## [What the exercise asks]
Exactly as they stand, copy the lines from the one containing "Stunning Modern 1" to the final line of the data; leave out the pictures.

## [Stored data]

——————

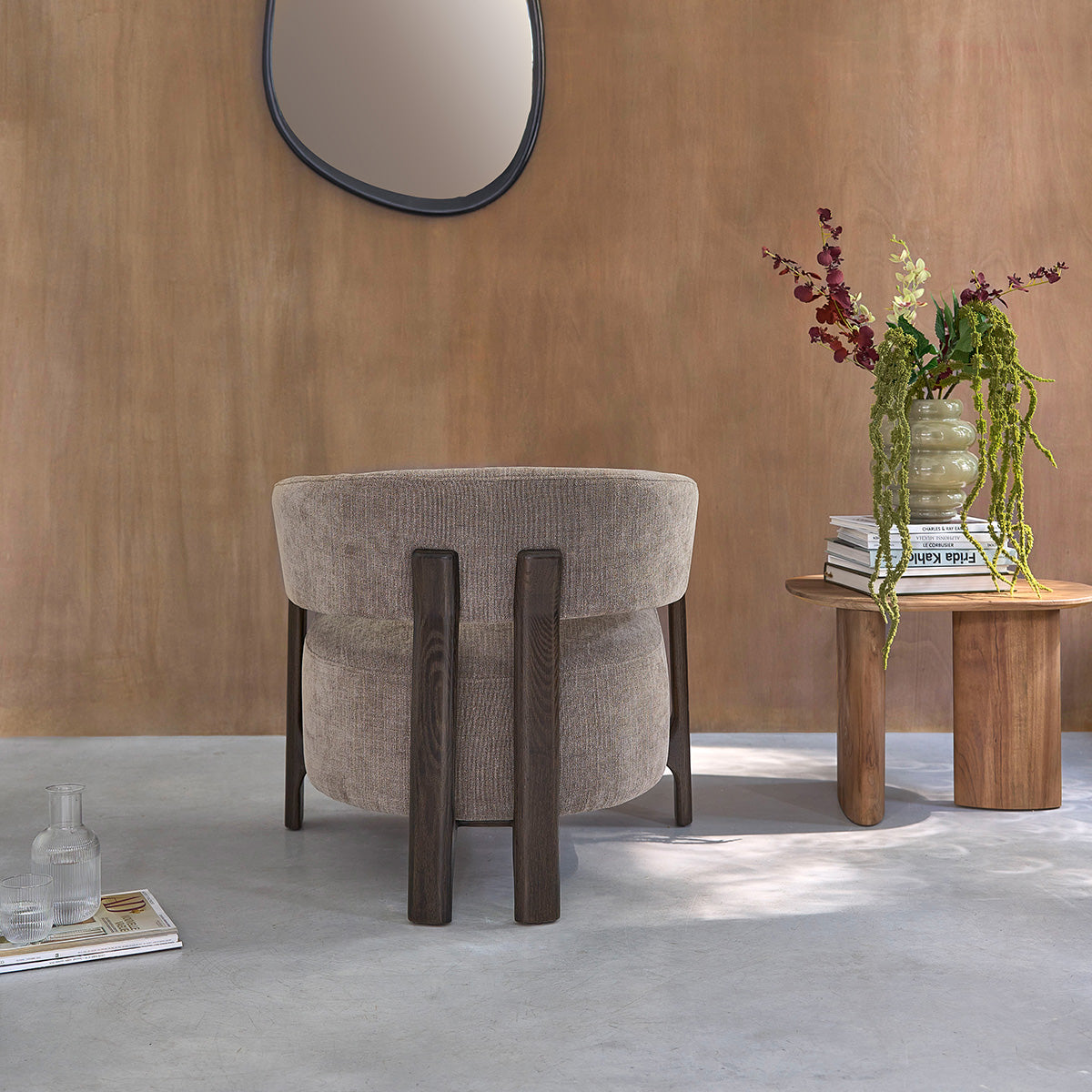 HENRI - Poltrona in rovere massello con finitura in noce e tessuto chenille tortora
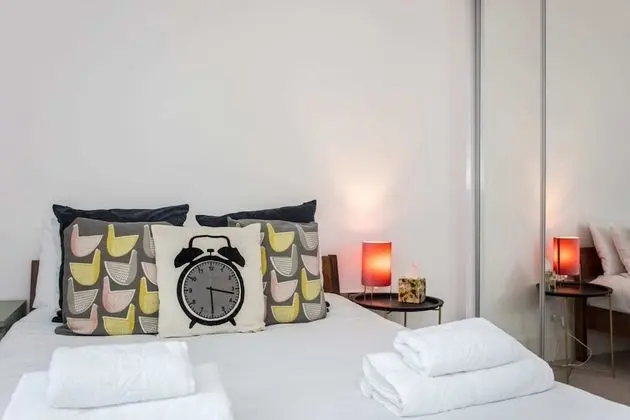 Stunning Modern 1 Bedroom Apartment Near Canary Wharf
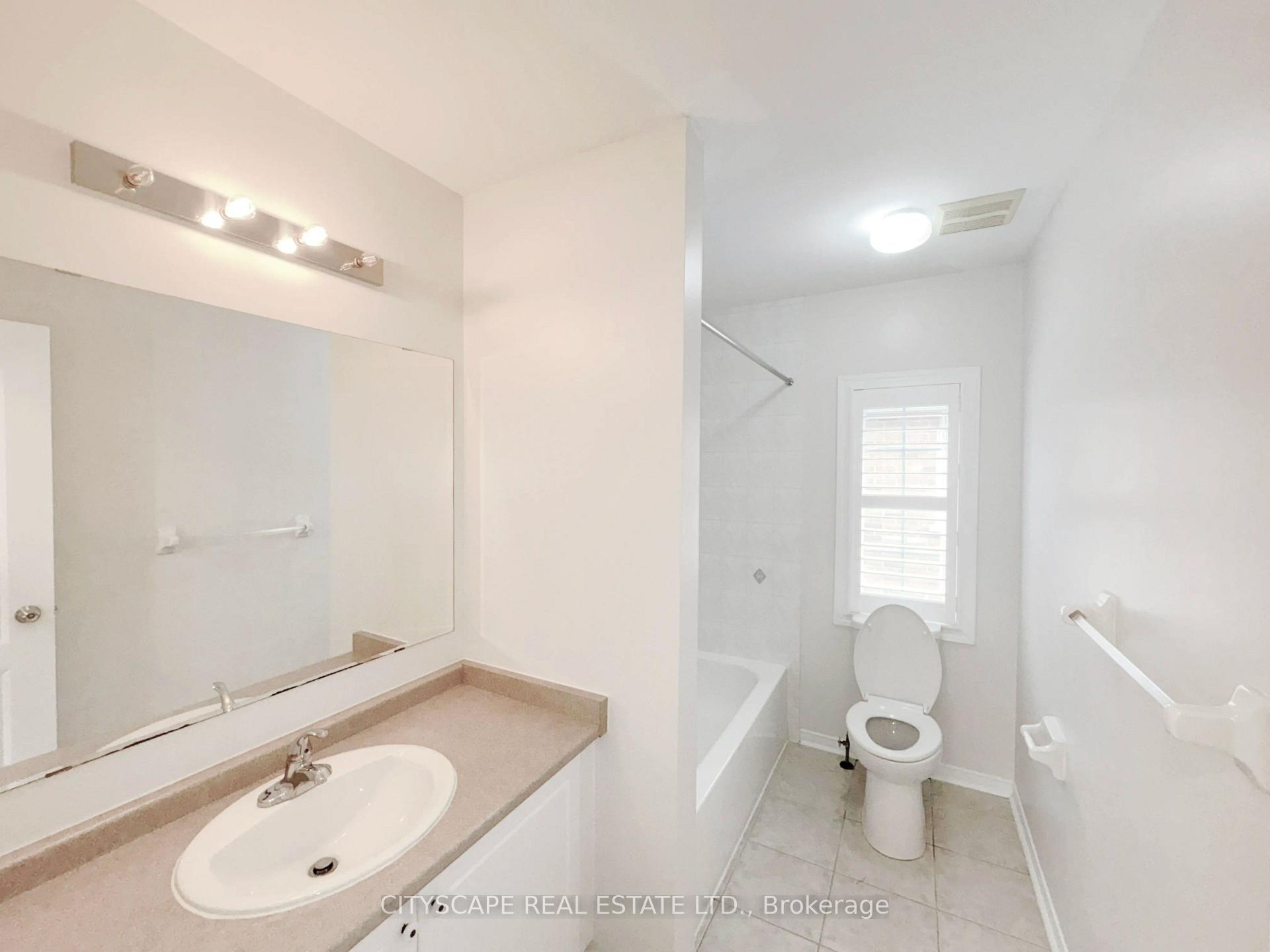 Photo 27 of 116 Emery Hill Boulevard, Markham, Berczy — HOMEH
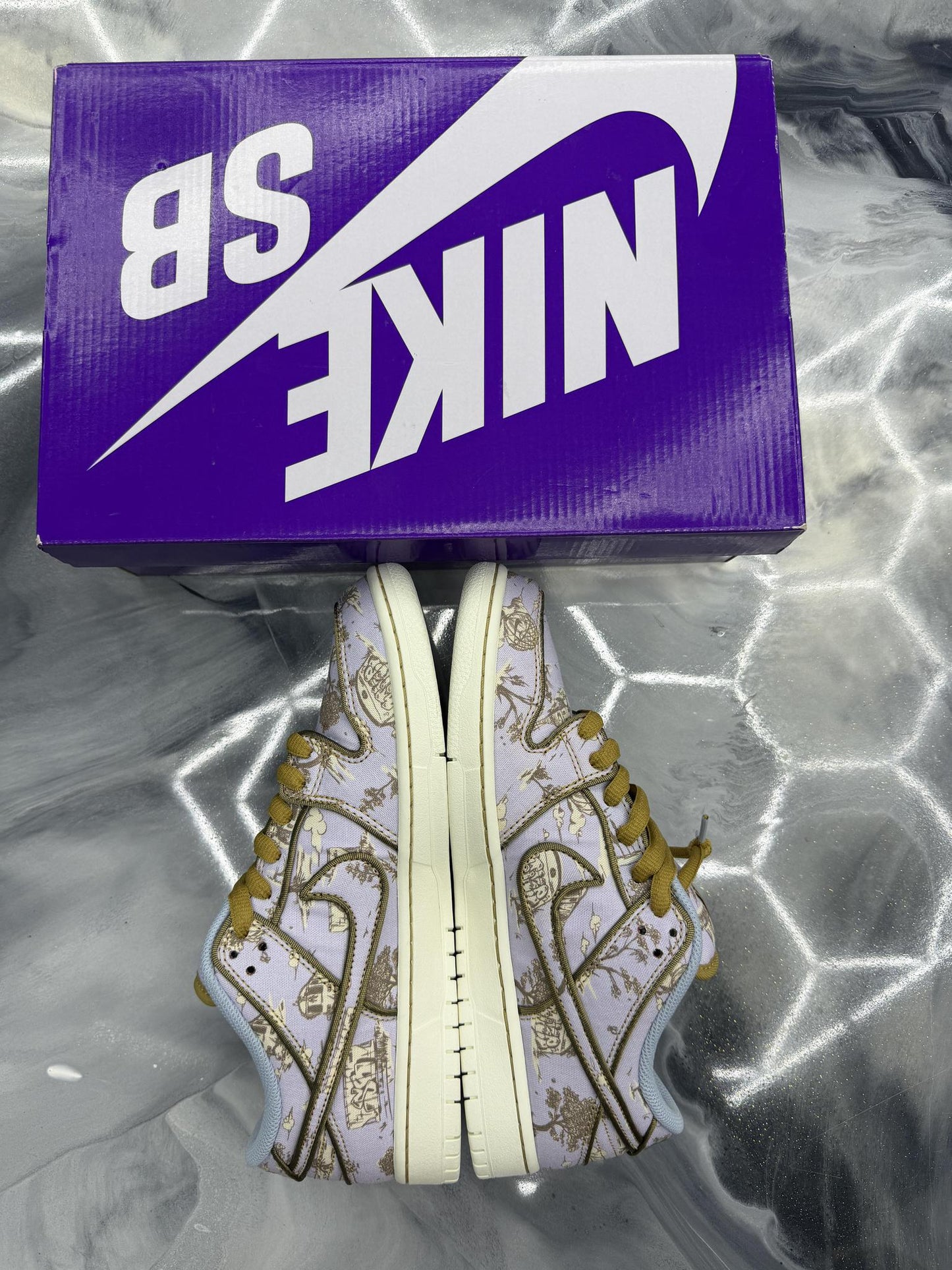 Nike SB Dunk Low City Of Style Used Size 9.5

——————

## [Problem solution]
 Stunning Modern 1 Bedroom Apartment Near Canary Wharf
 Photo 27 of 116 Emery Hill Boulevard, Markham, Berczy — HOMEH
 Nike SB Dunk Low City Of Style Used Size 9.5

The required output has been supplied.